「8号(出版用紙を製造する巨大マシン)が止まるときは、この国の出版が倒れる時です」

本の紙を印刷している工場は、石巻にあった。
……当然、あの震災の折には被害を受けたわけで、復興は難しいかと思われた。
しかし、この工場は生命線のようなもので、ここが止まってしまうと、大変な事態になる要所でもあって。

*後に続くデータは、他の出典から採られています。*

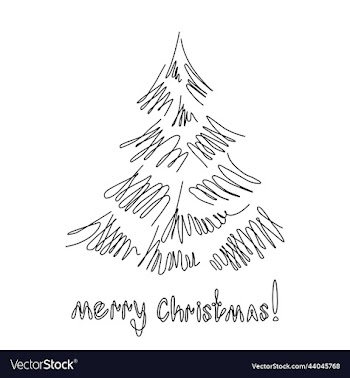 christmas tree merry christmas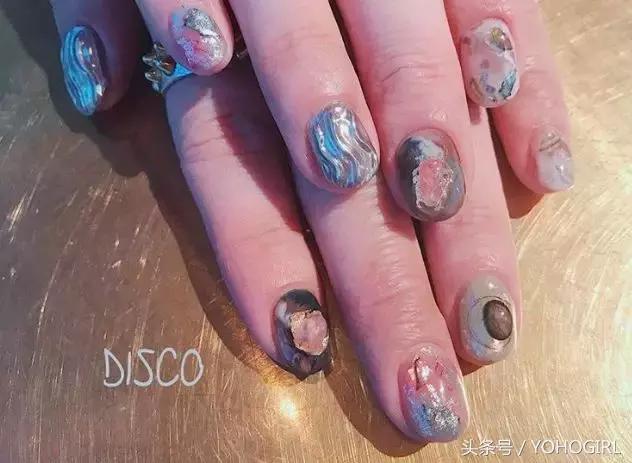 实用的甲油胶整套,比较实用的一套甲油胶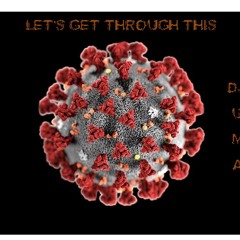 Lets get through this Volume 1 - DJ UmA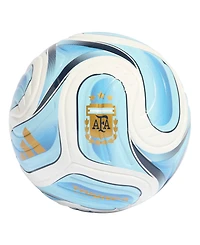 adidas Men's World Cup 2026 Afa Argentina Mini Home Ball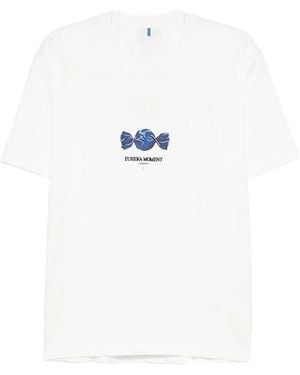 Adererror T-Shirts & Vests - White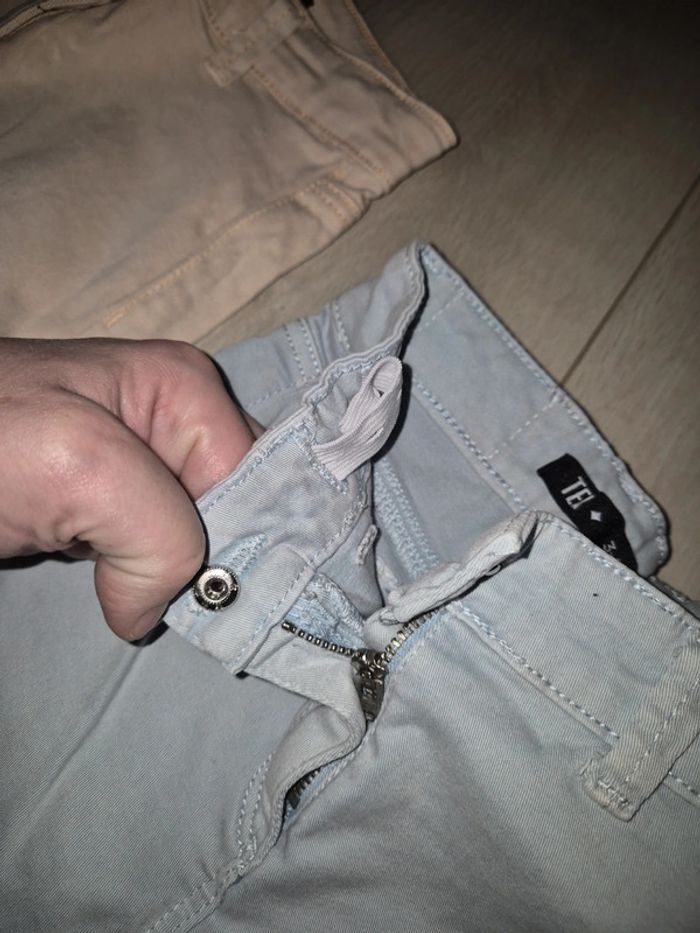 Pantacourts 4 ans - photo numéro 5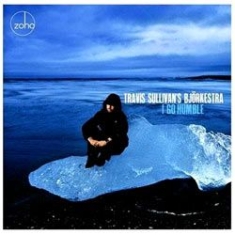 Travis Sullivan's Bjorkestra - I Go Humble in the group OTHER / Övrigt /  at Bengans Skivbutik AB (1023860)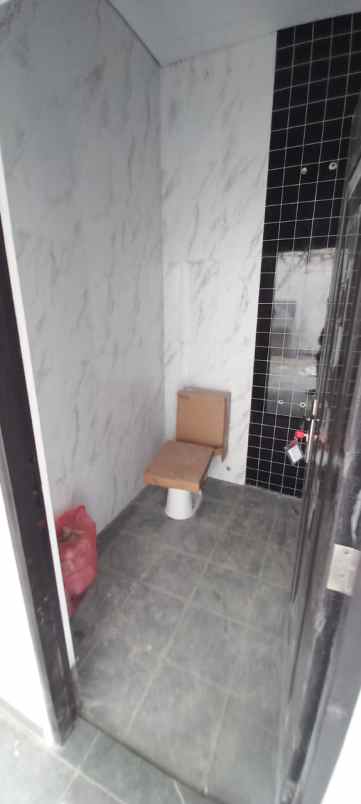 dijual rumah sukoharjo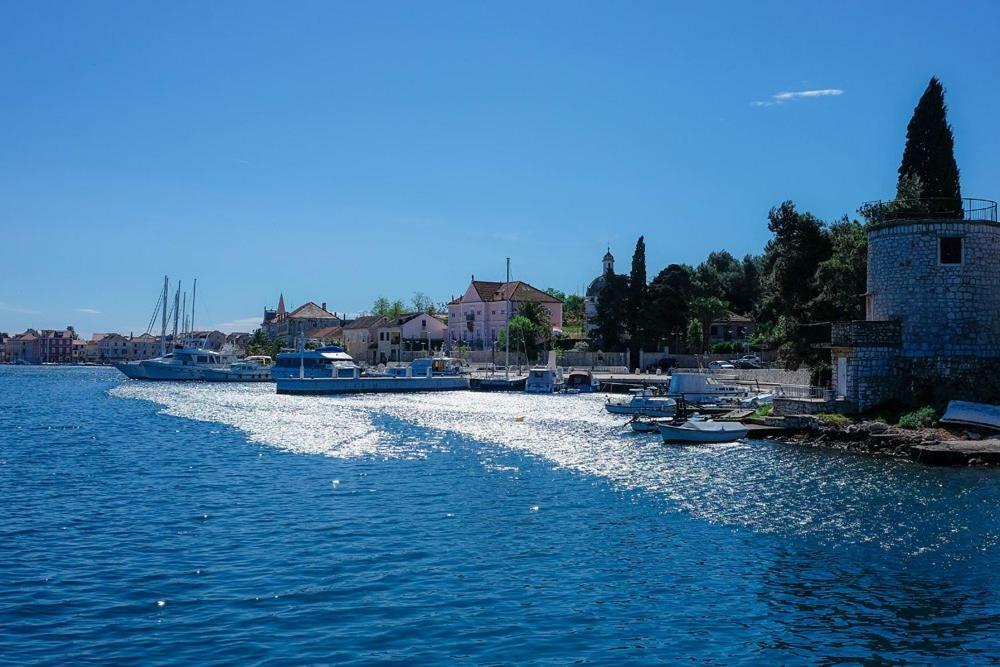 Luxury Catamaran Lagoon 42, Ac & Gn Split Dış mekan fotoğraf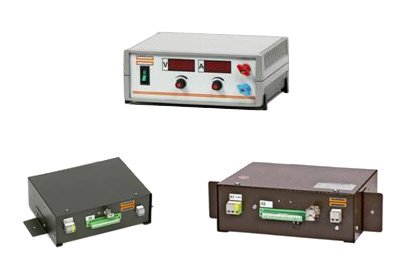 American Plating Power - Air Cooled Power Supply - MSA 0025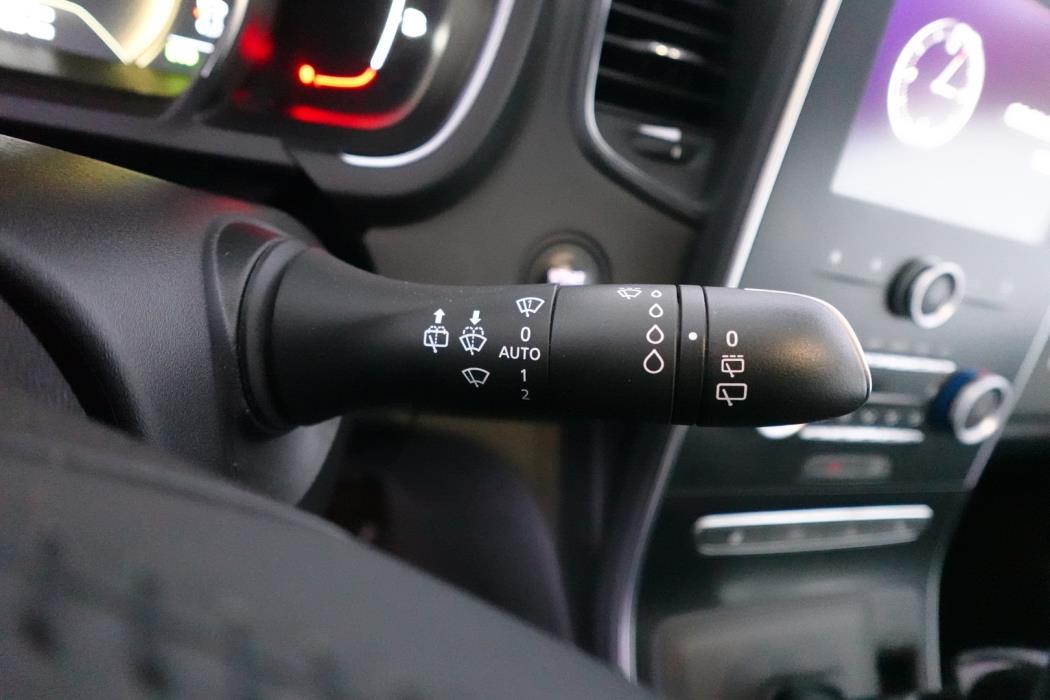 RENAULT Scenic 2019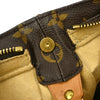 Louis Vuitton Looping Handbag Monogram Canvas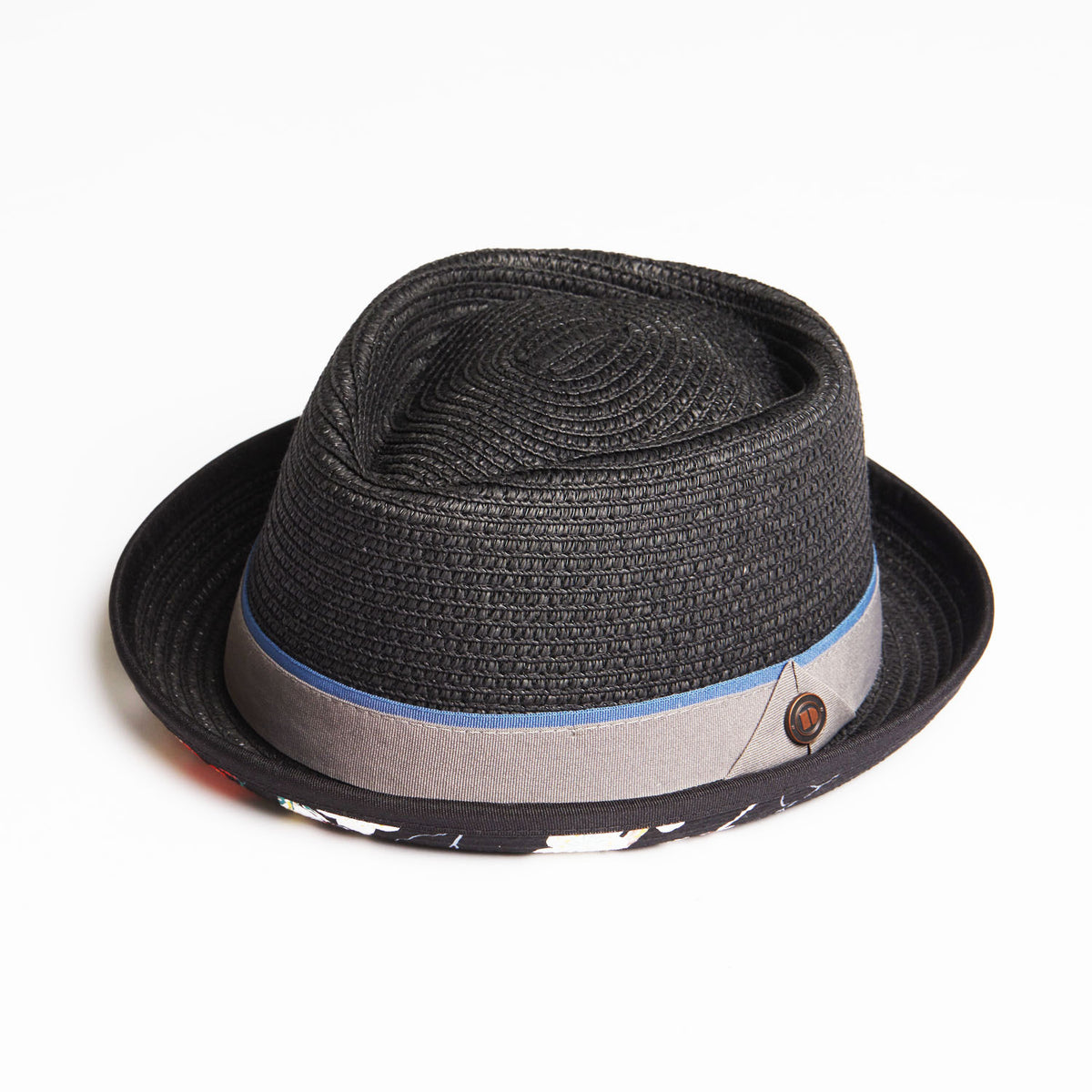 Tommy – Black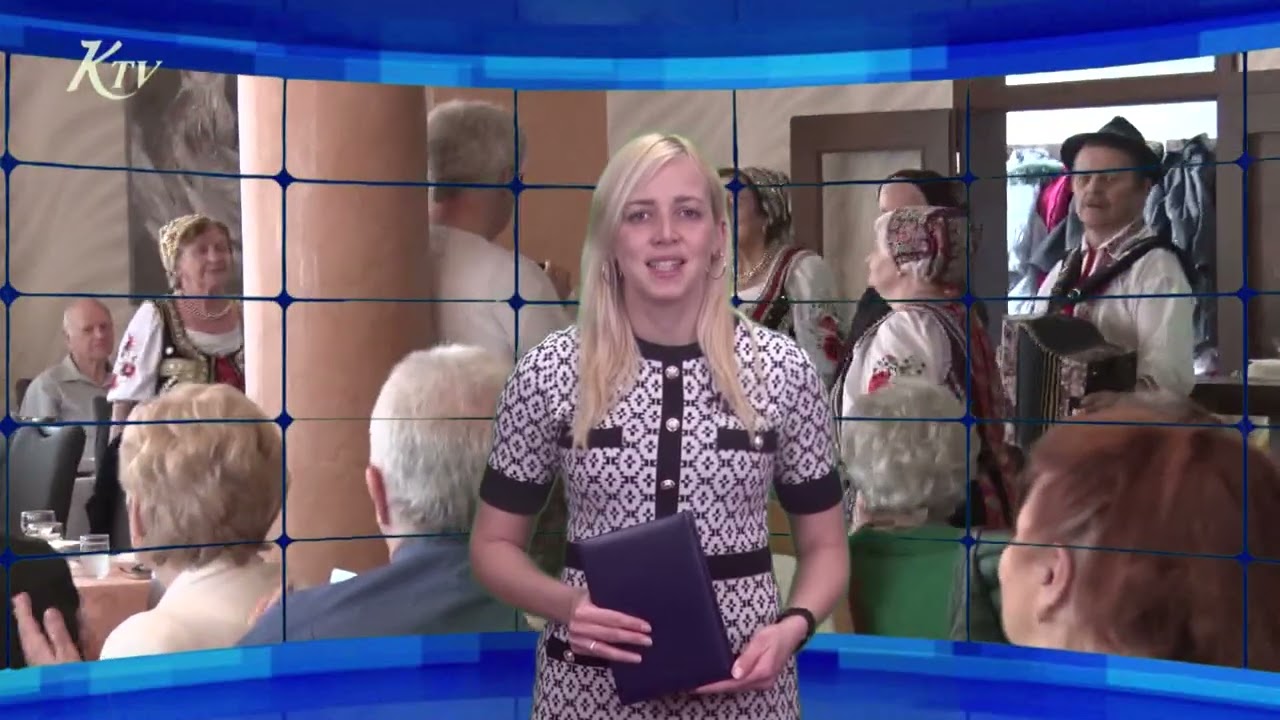 Teležurnál 20260224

東北で紙が作られているなんてことは全く知らずに読みました。
表からはわかりにくいものだけれど、紙がないことには本は成り立たない。
それを理解して、半年復興を誓って行動を起こしていく人々の姿は、格好いいし、目の前の問題に言い訳も妥協もせず目的へ向かう行動力に学びたいとも思う。

工場から出る白煙が好きではなかったという人がいた。
しかし、震災後なくなってみると寂しいものがあり、煙突から煙が出始めたのをみて勇気づけられた、というメールも届いた。
被災したとき、家を、家族を、命を失くしたものと、残したものがいて、それぞれ何らかの複雑な感情があって、仕事に明け暮れていた。没頭できる何かがあるのはむしろ気が紛れた。
いい話ばかりではなく、被害を受けて流出した備品の回収に赴いた際、瓦礫処理も同時に行っていったら、話に尾ひれがついて広まり、仕事が増えた話。やり場のない怒りがぶつけられた話なんかも書かれていた。
美談でまとめるのではなく、あの当時に起きた事を書き連ねてある姿勢には好感が持てる。